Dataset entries
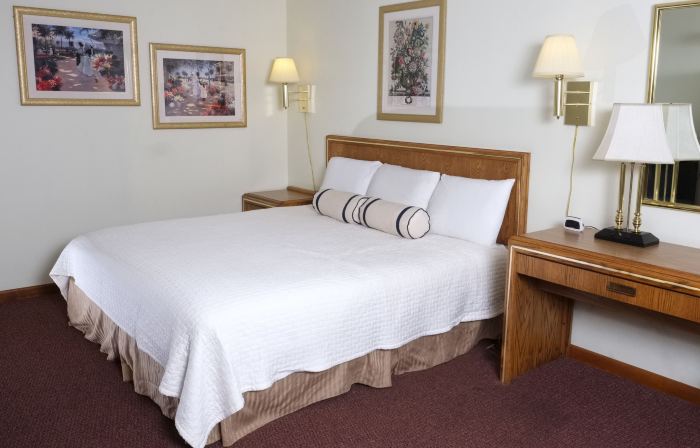 Four Seasons Lodging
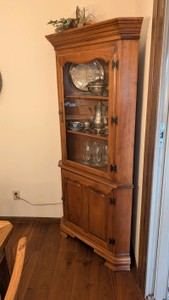 vintage oak corner curio china cabinet lighted glass
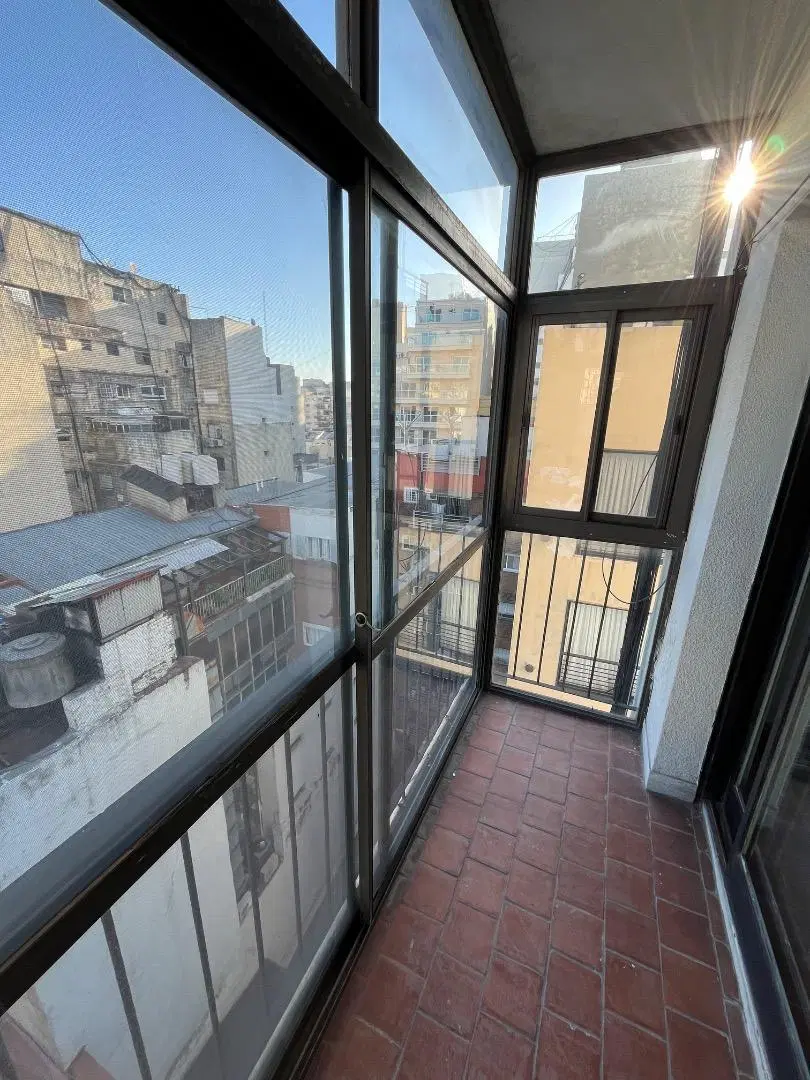 Venta. Monoambiente. Balcón. Av Córdoba y Jean Jaures. 5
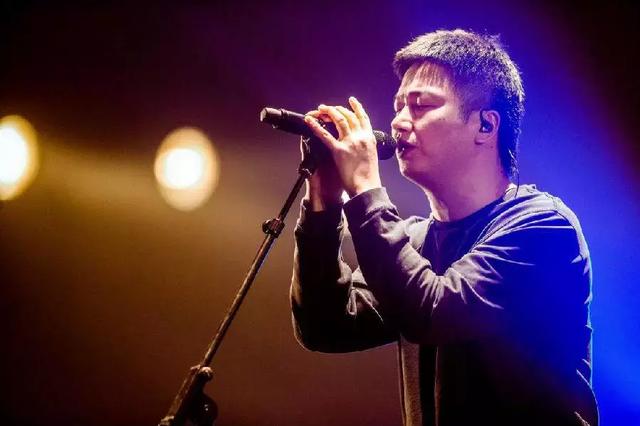 朴树敬佩的人不多,他是其中之一:演唱会从自掏腰包到十分钟售空|李志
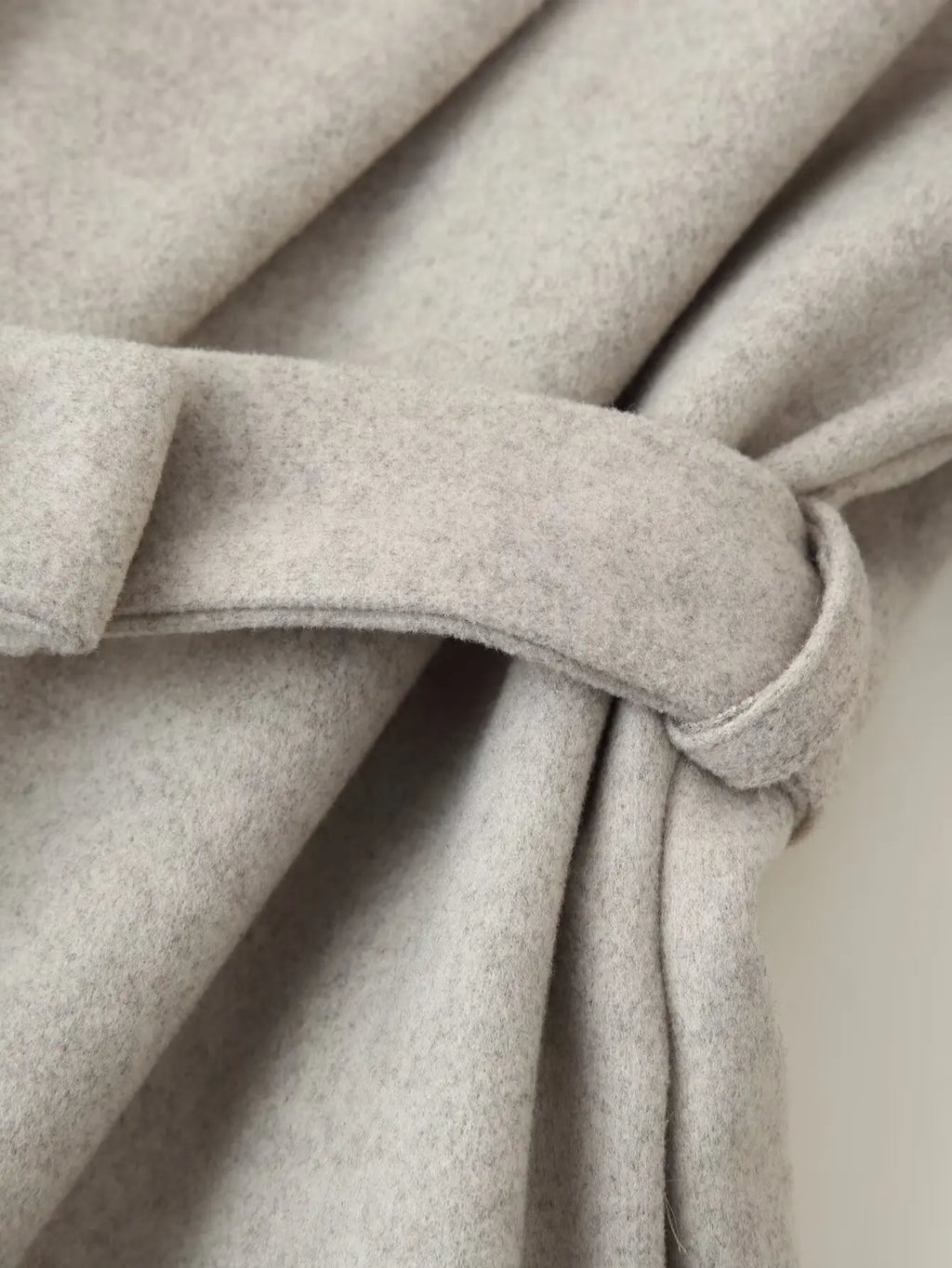 Women's Elegant Woolen Coat Lady Turn-Down Collar With Belt Full Sleeved Outerwear Female Bathrobe Styled Thicken Long Jackets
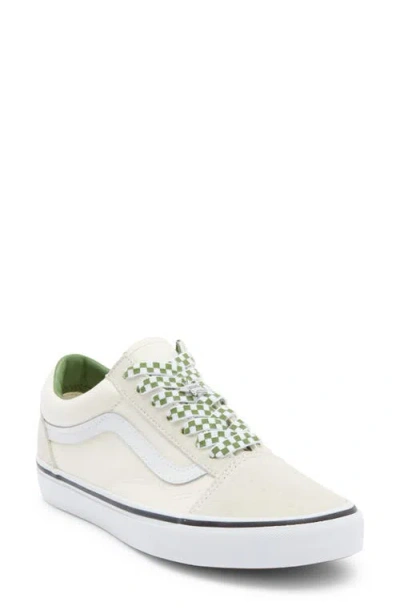 Vans Old Skool Sneaker In White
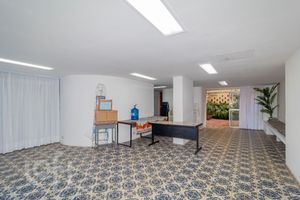Image 21 - 853982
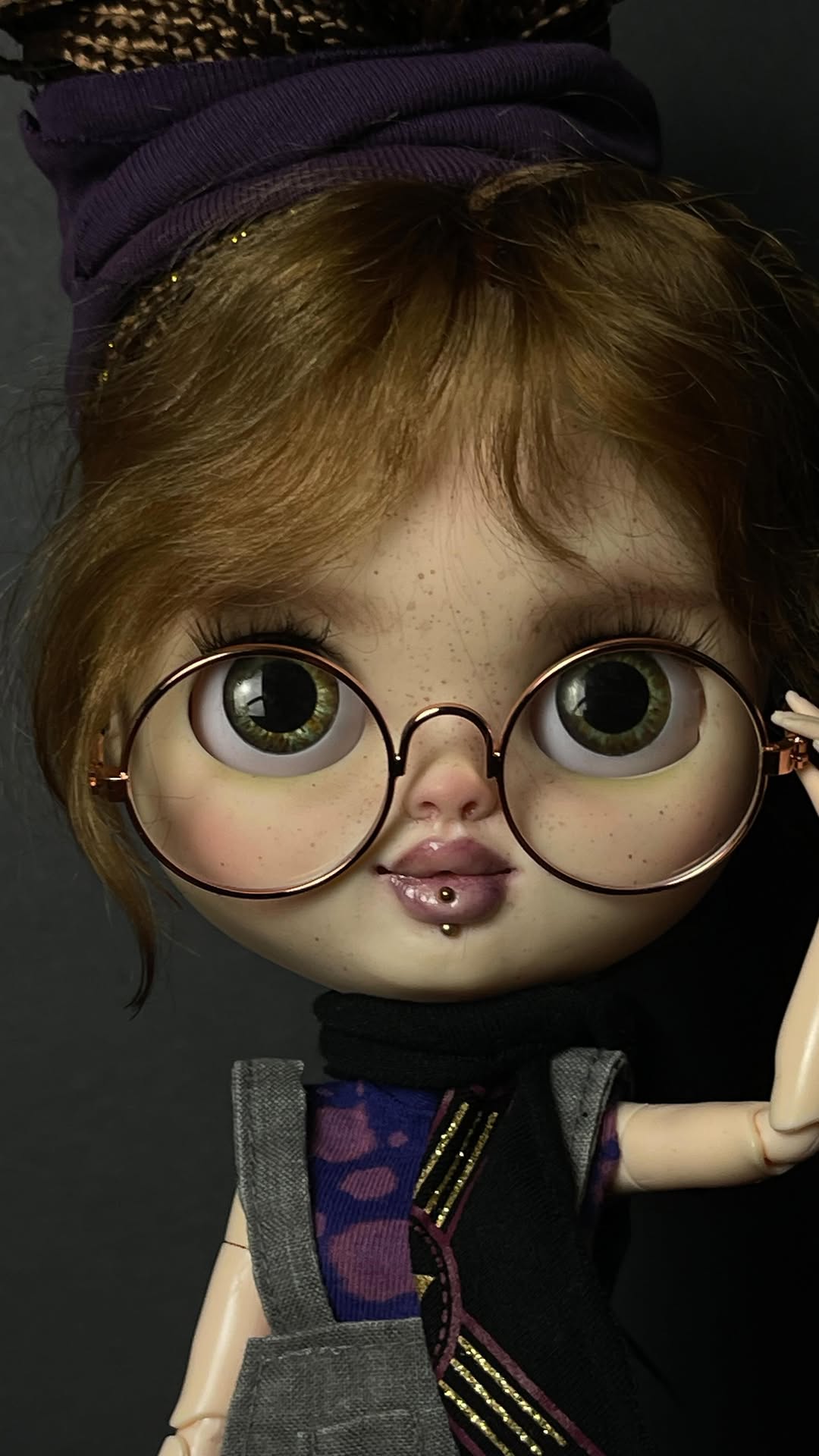 Muñeca Blythe con gafas y pelo castaño rojizo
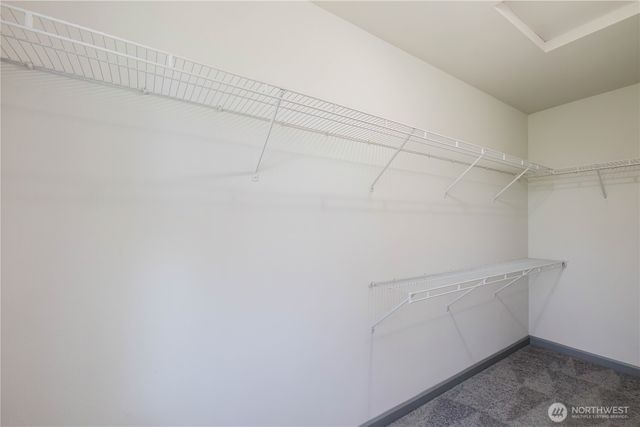 253 E Mountain View Drive, Allyn, WA 98524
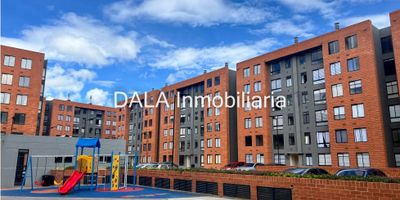 DALA Inmobiliaria vende apartamento en Chía - Cundinamarca, ofrece  sala y comedor, cocina, estudio para tu creatividad , una acogedora alcoba auxilia, la alcoba principal cuenta con un baño privado y closet, un baño auxiliar completo, se entrega con calentador, parqueaderos comunales, seguridad las 24 horas en un conjunto cerrado, NO TIENE PARQUEADERO, zonas sociales en desarrollo, parque infantil, salón social, salón de juegos, cerca de vías principales y transporte público.

Haz de este lienzo en construcción tu nuevo hogar, Contáctanos para más detalles, Si estás buscando inmobiliarias en Chía, somos tu mejor opción. También manejamos Bienes Inmuebles en Cajicá y Cota. Cod 1965 S
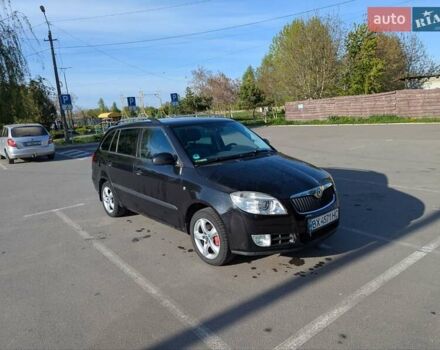 Черный Шкода Фабия, объемом двигателя 1.39 л и пробегом 239 тыс. км за 5900 $, фото 5 на Automoto.ua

(WHAT IS REQUIRED) Reproduce exactly the part of the records above that begins at the line holding "Vans Old Skool Sneaker In White" and ends at the final line, both included, leaving out the pictures.

(RESPONSE)
 Vans Old Skool Sneaker In White
Image 21 - 853982
 Muñeca Blythe con gafas y pelo castaño rojizo
 253 E Mountain View Drive, Allyn, WA 98524
 DALA Inmobiliaria vende apartamento en Chía - Cundinamarca, ofrece  sala y comedor, cocina, estudio para tu creatividad , una acogedora alcoba auxilia, la alcoba principal cuenta con un baño privado y closet, un baño auxiliar completo, se entrega con calentador, parqueaderos comunales, seguridad las 24 horas en un conjunto cerrado, NO TIENE PARQUEADERO, zonas sociales en desarrollo, parque infantil, salón social, salón de juegos, cerca de vías principales y transporte público.

Haz de este lienzo en construcción tu nuevo hogar, Contáctanos para más detalles, Si estás buscando inmobiliarias en Chía, somos tu mejor opción. También manejamos Bienes Inmuebles en Cajicá y Cota. Cod 1965 S
 Черный Шкода Фабия, объемом двигателя 1.39 л и пробегом 239 тыс. км за 5900 $, фото 5 на Automoto.ua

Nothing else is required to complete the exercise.